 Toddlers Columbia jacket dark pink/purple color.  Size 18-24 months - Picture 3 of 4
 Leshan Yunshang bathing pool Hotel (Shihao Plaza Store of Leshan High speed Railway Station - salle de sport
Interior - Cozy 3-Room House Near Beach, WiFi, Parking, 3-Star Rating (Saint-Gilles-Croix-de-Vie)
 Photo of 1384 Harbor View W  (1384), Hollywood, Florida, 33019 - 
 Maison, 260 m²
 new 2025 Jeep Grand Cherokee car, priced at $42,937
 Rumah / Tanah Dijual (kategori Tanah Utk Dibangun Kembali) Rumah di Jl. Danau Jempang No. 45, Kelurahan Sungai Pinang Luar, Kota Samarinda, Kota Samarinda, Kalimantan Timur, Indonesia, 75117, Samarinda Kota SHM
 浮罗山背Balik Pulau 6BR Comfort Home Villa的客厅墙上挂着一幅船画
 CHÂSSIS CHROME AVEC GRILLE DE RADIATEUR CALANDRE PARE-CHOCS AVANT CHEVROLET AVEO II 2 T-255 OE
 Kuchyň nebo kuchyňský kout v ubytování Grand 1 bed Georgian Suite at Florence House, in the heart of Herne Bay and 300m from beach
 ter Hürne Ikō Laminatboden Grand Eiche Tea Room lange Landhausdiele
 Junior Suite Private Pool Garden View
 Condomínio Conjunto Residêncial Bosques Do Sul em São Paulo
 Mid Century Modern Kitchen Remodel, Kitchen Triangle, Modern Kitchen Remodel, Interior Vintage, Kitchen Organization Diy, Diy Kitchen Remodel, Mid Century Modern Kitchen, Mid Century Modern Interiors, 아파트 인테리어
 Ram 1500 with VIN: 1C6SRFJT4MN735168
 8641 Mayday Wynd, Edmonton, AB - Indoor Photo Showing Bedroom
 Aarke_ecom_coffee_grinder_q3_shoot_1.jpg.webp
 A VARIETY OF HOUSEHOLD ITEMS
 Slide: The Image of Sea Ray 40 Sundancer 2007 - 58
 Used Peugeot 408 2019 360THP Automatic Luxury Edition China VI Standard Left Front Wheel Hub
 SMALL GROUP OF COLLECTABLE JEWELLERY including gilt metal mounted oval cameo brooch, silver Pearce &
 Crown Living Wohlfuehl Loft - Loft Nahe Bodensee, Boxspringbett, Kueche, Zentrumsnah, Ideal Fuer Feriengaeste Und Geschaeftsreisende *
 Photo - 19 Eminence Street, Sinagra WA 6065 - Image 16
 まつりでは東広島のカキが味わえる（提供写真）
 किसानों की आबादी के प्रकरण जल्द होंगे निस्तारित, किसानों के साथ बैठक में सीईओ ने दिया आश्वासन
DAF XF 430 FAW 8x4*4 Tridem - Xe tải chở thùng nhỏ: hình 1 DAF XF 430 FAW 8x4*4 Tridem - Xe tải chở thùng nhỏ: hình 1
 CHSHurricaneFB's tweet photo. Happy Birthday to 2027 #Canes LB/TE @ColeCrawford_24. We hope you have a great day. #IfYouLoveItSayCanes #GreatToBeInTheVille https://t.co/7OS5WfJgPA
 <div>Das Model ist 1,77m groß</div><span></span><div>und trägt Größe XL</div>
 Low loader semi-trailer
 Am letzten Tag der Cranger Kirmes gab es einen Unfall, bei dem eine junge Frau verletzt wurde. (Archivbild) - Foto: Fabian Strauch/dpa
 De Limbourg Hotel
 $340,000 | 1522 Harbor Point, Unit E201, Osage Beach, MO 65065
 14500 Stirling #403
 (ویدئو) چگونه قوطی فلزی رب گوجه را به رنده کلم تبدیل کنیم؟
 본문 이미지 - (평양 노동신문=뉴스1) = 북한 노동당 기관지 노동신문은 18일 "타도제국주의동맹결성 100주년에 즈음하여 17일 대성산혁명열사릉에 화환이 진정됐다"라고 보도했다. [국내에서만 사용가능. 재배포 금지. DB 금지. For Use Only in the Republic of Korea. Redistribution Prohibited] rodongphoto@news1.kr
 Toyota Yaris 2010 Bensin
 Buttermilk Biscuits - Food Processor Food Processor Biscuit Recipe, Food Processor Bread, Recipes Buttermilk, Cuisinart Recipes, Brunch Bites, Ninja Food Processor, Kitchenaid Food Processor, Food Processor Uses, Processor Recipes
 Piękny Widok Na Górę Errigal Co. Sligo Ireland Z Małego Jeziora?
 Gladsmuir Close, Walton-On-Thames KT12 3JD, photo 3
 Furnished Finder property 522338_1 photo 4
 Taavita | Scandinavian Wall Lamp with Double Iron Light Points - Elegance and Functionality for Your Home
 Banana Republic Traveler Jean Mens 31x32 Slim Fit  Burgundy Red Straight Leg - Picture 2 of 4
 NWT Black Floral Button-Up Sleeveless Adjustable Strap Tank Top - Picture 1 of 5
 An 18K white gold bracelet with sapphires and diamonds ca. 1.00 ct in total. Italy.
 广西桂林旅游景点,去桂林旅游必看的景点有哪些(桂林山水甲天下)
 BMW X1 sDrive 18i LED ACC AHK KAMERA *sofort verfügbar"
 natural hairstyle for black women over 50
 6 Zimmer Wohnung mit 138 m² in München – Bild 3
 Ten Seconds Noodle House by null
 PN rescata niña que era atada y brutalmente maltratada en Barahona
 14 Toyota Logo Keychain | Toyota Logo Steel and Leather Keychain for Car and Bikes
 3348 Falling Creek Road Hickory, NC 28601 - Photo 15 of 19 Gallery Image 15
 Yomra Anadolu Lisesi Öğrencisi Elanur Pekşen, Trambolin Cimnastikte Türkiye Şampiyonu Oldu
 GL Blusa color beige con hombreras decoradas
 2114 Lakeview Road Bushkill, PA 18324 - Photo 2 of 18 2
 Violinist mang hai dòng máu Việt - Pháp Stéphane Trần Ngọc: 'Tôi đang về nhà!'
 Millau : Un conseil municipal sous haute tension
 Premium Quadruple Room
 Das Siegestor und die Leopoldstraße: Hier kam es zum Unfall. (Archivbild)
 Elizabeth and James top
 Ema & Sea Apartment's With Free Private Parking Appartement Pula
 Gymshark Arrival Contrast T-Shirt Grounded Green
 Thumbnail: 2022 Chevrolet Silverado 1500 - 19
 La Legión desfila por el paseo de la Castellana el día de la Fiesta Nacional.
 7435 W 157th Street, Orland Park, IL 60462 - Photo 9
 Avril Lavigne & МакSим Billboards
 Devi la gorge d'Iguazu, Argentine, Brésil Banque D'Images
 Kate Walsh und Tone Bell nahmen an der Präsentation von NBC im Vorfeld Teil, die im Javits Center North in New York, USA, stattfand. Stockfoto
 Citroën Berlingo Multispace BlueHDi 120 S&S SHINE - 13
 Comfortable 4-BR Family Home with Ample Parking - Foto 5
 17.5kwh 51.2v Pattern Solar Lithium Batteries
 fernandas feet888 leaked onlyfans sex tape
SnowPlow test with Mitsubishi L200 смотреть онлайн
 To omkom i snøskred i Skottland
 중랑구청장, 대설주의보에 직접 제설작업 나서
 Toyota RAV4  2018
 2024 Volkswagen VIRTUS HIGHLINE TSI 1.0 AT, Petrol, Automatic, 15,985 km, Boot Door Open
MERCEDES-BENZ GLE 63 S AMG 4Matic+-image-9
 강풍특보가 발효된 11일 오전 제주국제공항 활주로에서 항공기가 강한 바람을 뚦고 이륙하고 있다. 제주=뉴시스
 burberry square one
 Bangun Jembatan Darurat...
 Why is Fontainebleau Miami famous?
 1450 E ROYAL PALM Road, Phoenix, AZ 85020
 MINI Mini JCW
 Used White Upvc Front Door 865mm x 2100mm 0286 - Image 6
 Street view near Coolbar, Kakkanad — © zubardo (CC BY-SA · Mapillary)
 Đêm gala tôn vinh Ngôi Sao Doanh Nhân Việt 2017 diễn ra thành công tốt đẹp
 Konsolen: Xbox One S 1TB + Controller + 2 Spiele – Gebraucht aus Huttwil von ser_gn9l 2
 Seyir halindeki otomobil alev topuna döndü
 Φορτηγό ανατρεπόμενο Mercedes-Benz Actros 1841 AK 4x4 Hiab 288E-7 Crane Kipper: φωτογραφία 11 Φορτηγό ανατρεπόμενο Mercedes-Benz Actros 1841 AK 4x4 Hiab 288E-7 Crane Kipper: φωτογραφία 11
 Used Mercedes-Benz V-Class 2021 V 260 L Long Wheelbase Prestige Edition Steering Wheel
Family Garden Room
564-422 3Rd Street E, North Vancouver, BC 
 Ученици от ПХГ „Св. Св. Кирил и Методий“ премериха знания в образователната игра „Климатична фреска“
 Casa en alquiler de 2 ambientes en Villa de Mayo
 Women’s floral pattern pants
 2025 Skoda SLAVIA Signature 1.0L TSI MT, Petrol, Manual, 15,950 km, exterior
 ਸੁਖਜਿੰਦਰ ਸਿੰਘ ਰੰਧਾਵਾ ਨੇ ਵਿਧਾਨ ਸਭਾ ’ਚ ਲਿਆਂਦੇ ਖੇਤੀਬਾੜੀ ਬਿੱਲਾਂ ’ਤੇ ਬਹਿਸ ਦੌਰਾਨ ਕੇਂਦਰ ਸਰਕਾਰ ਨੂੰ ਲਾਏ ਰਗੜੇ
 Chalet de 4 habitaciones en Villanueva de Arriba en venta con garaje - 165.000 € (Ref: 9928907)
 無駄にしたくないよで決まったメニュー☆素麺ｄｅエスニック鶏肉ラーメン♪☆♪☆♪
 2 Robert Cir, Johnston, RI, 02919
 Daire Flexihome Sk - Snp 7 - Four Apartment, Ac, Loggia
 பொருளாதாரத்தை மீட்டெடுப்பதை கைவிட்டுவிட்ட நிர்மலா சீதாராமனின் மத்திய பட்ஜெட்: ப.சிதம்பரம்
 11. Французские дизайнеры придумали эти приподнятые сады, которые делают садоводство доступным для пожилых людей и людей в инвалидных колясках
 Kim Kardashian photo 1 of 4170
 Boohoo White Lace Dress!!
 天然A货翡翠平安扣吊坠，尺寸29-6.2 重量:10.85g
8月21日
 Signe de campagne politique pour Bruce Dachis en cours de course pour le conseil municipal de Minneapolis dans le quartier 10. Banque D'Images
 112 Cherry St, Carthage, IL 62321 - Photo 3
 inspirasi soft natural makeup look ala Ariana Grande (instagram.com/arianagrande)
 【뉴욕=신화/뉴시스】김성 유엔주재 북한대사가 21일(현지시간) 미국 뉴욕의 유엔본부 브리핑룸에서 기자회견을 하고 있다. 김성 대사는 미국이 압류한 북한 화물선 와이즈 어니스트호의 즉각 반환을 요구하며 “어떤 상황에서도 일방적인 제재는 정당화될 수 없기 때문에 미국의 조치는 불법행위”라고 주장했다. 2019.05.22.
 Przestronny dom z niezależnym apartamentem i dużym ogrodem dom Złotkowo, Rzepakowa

§

### DIRECTIONS
Filter the records above for lines containing the word "Toyota", and copy those lines.

### COMPLETED TASK
 Toyota Yaris 2010 Bensin
 14 Toyota Logo Keychain | Toyota Logo Steel and Leather Keychain for Car and Bikes
 Toyota RAV4  2018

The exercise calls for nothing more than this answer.